Table 1 Outline of modeling challenges discussed in this paper

Outline of Challenges

Table 1 provides an outline of challenges that are discussed in more detail in the following sections. The table gives a concise formulation of the core challenge; the discussion in the text then provides a more detailed description and specific examples.

These challenges are not insurmountable. In many cases, related research or partial guidance can be found to address these challenges. Nevertheless, I believe that the outlined challenges represent genuine obstacles to the practical development of efficient learning environments. Even when relevant research exists, it often takes various forms, such as the need to combine foundational insights from cognitive science about student learning with the appropriate application of statistical models and methodological approaches from machine learning. It is often hard to combine information from different sources and translate existing findings into practical design decisions. For instance, extensive research exists on the topics of forgetting and spaced repetition; however, much of this research primarily focuses on the outcomes of isolated and controlled experiments conducted in laboratory settings.

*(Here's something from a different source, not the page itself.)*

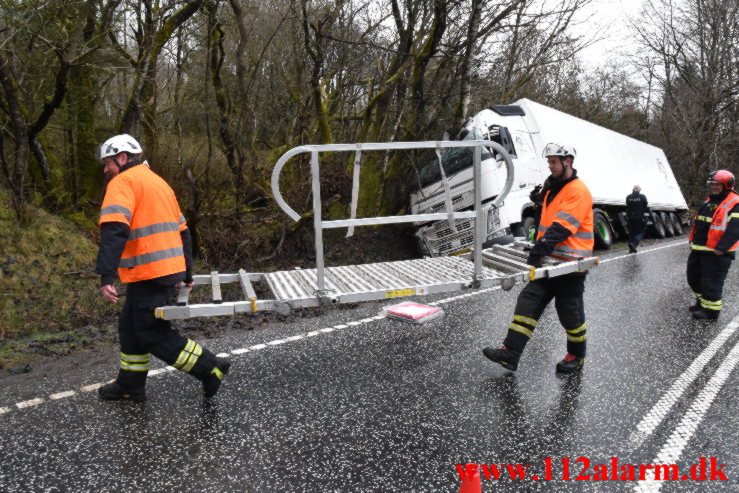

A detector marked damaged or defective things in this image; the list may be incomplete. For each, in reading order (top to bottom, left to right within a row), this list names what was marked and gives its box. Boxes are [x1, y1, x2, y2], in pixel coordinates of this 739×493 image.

crashed truck cab [410, 105, 536, 256]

In the context of adaptive learning environments, the challenge lies in adapting and implementing spaced repetition within a much more intricate and dynamic educational setting.

The primary difficulty in developing adaptive learning environments, however, does not stem from any isolated challenge but rather from their intricate interplay. It is not reasonable to select some of the challenges and to focus on their exhaustive treatment while disregarding others. If the development effort ignores some of the challenges or addresses them in some naive, baseline fashion, the efficiency of the learning environment can be significantly undermined.

Trade-offs

Before delving into individual challenges, I would like to discuss a recurring theme that complicates the design of adaptive learning environments: the need to make trade-offs without clear guidance on how to do so. Any practical application of adaptive learning is constrained by limited resources, e.g., time, money, and people. While these constraints may vary significantly among environments, they always exist. Consequently, it is important to consider the cost-effectiveness of different development steps and to choose suitable trade-offs.

This aspect is not, of course, specific to the design of adaptive learning environments. Trade-offs and limitations by constraints are present in any endeavor. What distinguishes dealing with trade-offs in the design of educational technology is the absence of guidance for making these trade-offs. While there is extensive research in learning science and many studies of previously developed educational technologies, the published research revolves around questions like “Does an approach X improve student learning?” While these inquiries are scientifically valuable, they do not provide sufficient guidance for the practical design process. The fact that an approach X can enhance student learning does not automatically mean that it should be implemented. Another approach Y may yield slightly smaller improvement while being much more easily realizable; in such a case, Y should often get a priority. Designers of learning environments face many such trade-offs and must make decisions for which there is currently limited guidance.

Student Model

The goal of a student model is to provide an abstract representation of a student’s state that is then used by a pedagogical model to guide the adaptive behavior of a system. The key type of modeling is concerned with cognitive skills. It may be useful to model many aspects of a student state, including affect, motivation, or meta-cognition, but it makes sense to focus on these only once we have a reasonable model of skills. Since even skill modeling is full of challenges, I focus primarily on this aspect.

Exact Meaning of Skill

Research papers on student modeling are often concerned primarily with the description of algorithms and their evaluation without specifying in detail what they mean by “skill”. In fact, it is surprisingly tricky to properly clarify the meaning of this notion, which is central to student and domain modeling.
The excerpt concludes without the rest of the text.